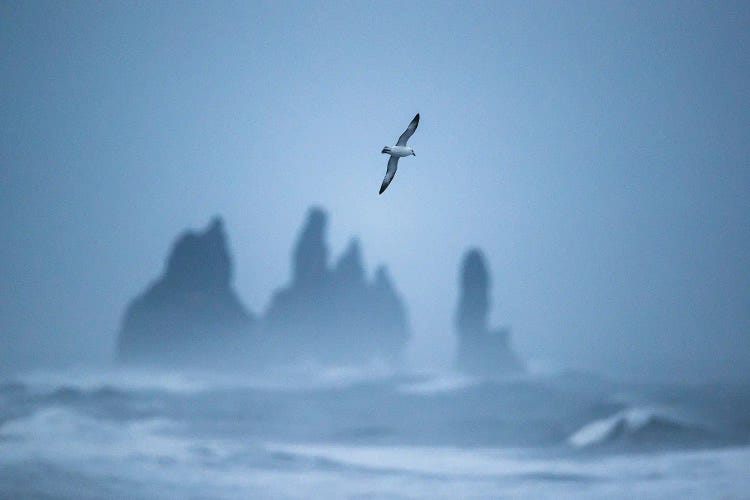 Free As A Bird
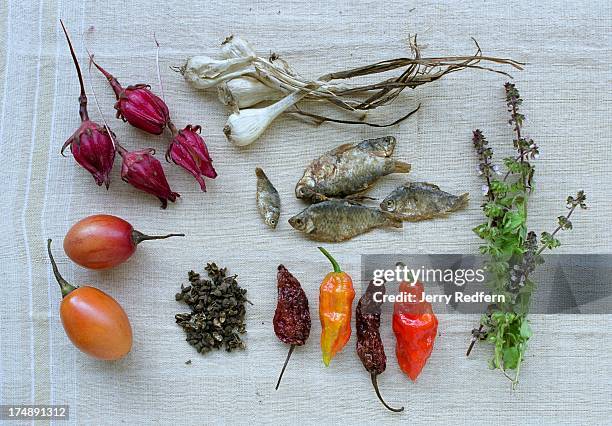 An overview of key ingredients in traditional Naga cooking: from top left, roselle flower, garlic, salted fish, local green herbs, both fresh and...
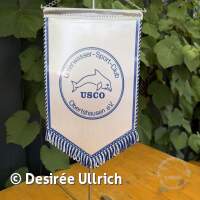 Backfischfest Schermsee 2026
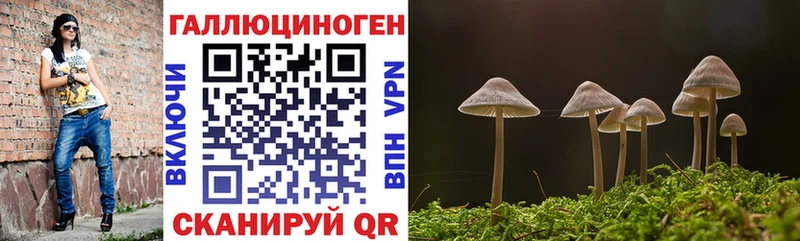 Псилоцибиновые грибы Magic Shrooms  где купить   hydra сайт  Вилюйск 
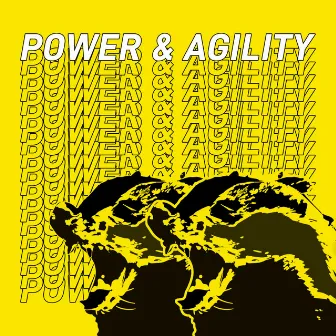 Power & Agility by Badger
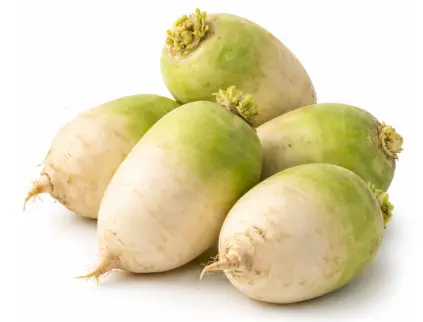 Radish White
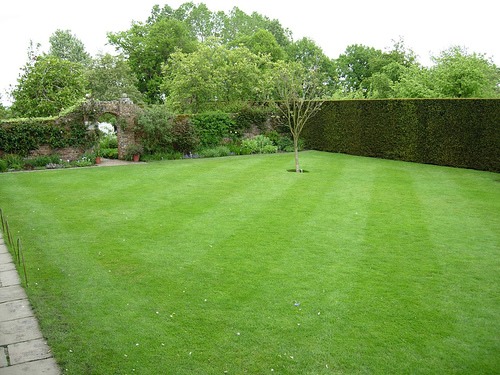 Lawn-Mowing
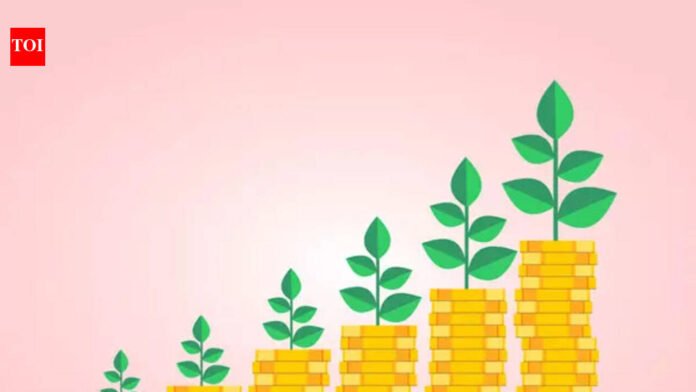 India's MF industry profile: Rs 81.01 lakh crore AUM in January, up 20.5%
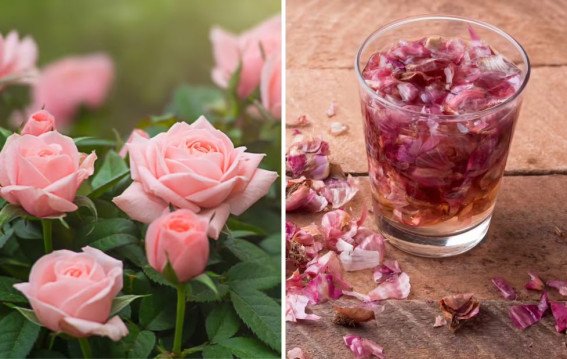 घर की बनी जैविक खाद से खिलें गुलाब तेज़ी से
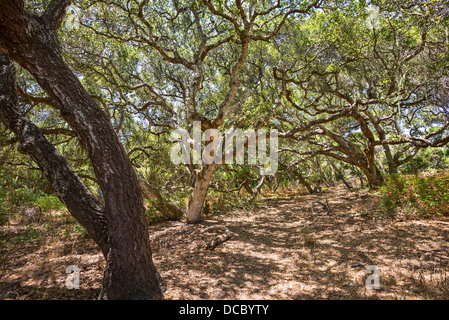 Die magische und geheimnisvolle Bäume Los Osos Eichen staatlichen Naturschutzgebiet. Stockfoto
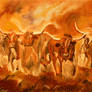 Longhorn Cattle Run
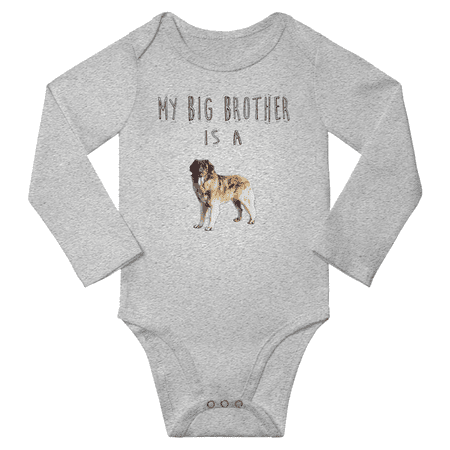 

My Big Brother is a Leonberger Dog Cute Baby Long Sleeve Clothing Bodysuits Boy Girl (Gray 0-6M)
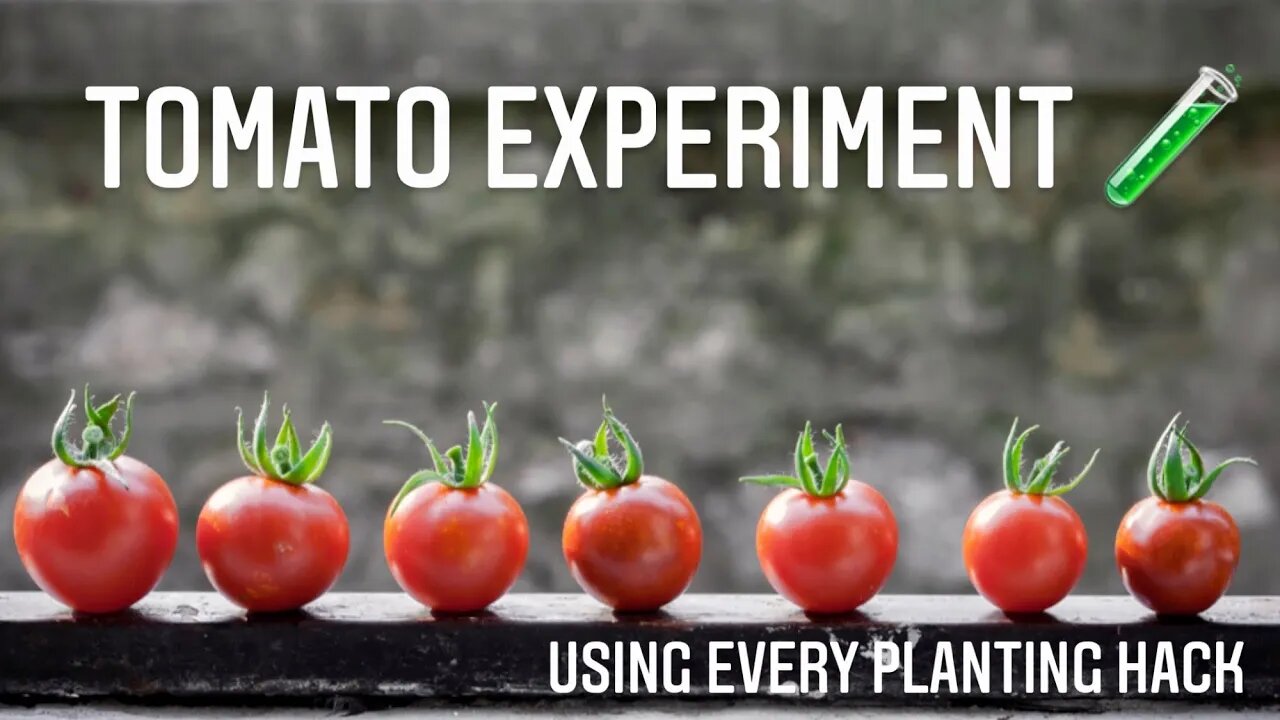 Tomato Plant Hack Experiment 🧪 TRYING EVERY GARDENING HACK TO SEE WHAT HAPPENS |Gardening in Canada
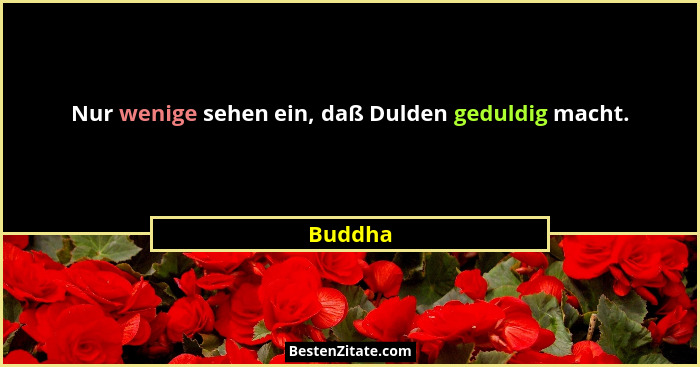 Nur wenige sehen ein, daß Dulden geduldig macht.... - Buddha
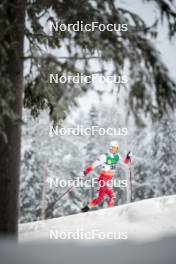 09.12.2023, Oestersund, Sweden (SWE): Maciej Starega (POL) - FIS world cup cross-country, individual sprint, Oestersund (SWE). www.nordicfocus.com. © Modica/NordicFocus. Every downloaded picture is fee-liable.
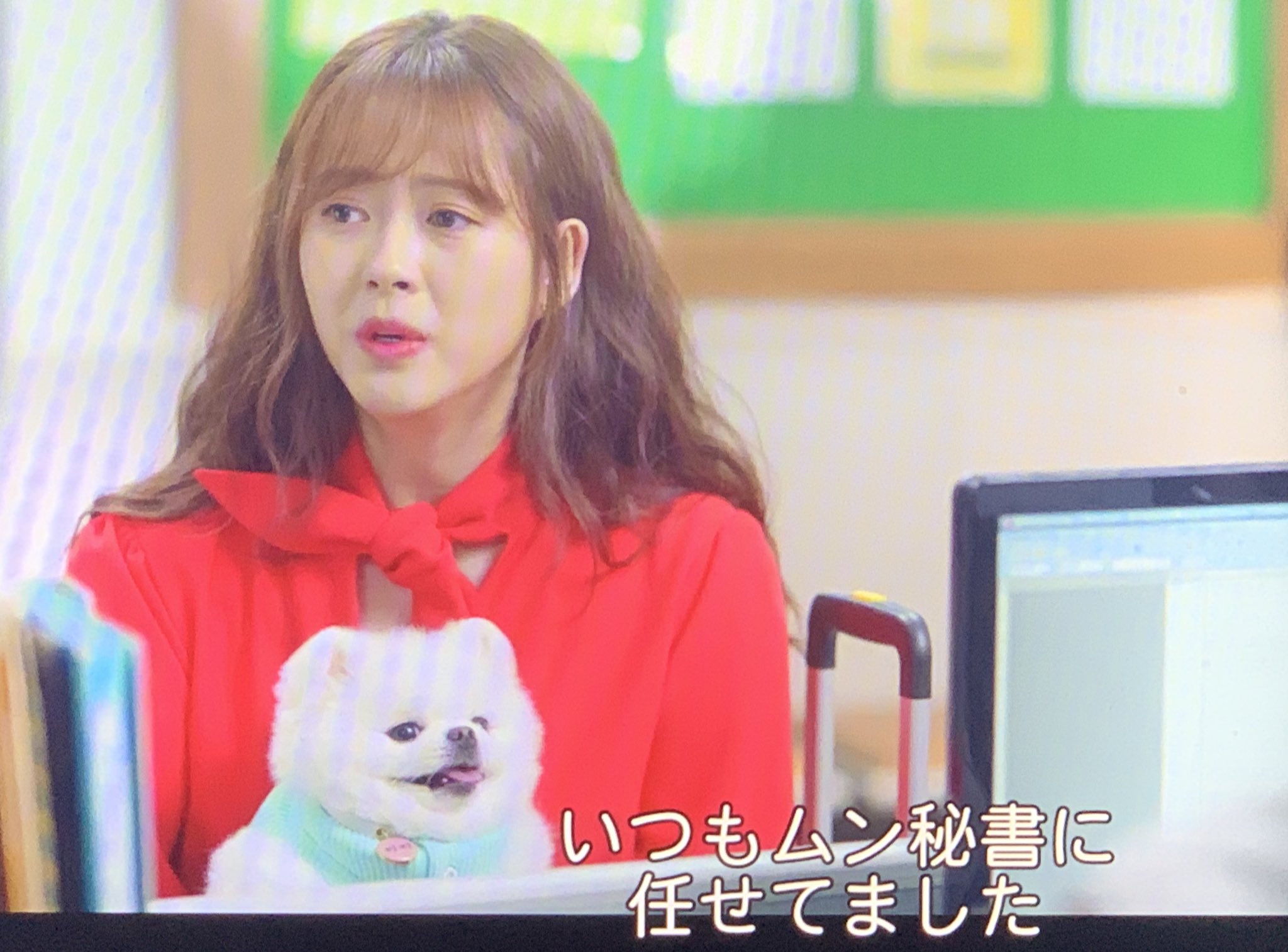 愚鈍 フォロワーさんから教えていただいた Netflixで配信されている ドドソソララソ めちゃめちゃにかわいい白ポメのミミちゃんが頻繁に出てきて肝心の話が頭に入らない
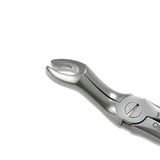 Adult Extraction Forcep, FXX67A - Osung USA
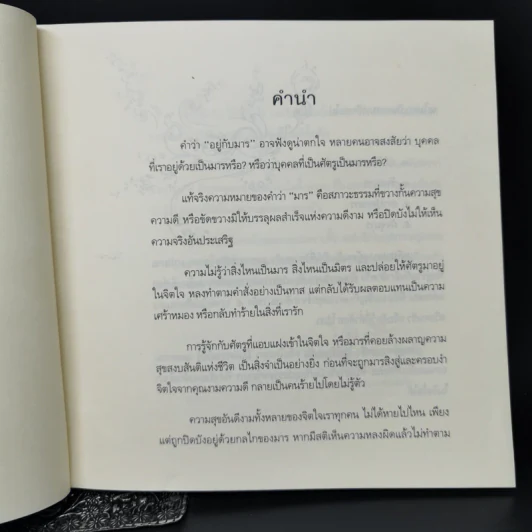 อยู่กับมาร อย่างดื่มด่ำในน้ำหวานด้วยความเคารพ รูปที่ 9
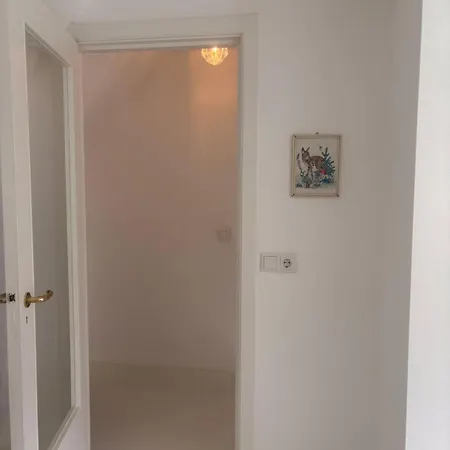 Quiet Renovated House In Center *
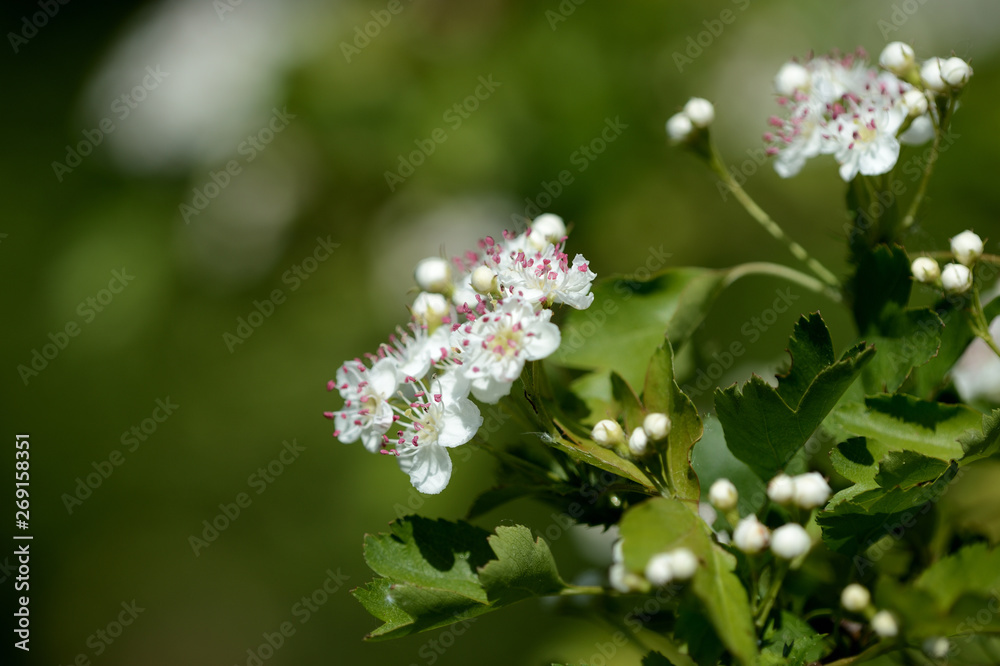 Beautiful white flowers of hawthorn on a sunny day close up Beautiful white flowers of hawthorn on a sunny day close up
▬▬▬
**PROBLEM REQUIREMENTS:** Exactly as they stand, retype all the entries, but omit the pictures.

**RESULT OF THE EXERCISE:**
 Free As A Bird
 An overview of key ingredients in traditional Naga cooking: from top left, roselle flower, garlic, salted fish, local green herbs, both fresh and...
 Backfischfest Schermsee 2026
 Псилоцибиновые грибы Magic Shrooms  где купить   hydra сайт  Вилюйск 
 Power & Agility by Badger
 Radish White
 Lawn-Mowing
 India's MF industry profile: Rs 81.01 lakh crore AUM in January, up 20.5%
 घर की बनी जैविक खाद से खिलें गुलाब तेज़ी से
 Die magische und geheimnisvolle Bäume Los Osos Eichen staatlichen Naturschutzgebiet. Stockfoto
 Longhorn Cattle Run

My Big Brother is a Leonberger Dog Cute Baby Long Sleeve Clothing Bodysuits Boy Girl (Gray 0-6M)
 Tomato Plant Hack Experiment 🧪 TRYING EVERY GARDENING HACK TO SEE WHAT HAPPENS |Gardening in Canada
 Nur wenige sehen ein, daß Dulden geduldig macht.... - Buddha
 09.12.2023, Oestersund, Sweden (SWE): Maciej Starega (POL) - FIS world cup cross-country, individual sprint, Oestersund (SWE). www.nordicfocus.com. © Modica/NordicFocus. Every downloaded picture is fee-liable.
 愚鈍 フォロワーさんから教えていただいた Netflixで配信されている ドドソソララソ めちゃめちゃにかわいい白ポメのミミちゃんが頻繁に出てきて肝心の話が頭に入らない
 Adult Extraction Forcep, FXX67A - Osung USA
 อยู่กับมาร อย่างดื่มด่ำในน้ำหวานด้วยความเคารพ รูปที่ 9
 Quiet Renovated House In Center *
 Beautiful white flowers of hawthorn on a sunny day close up Beautiful white flowers of hawthorn on a sunny day close up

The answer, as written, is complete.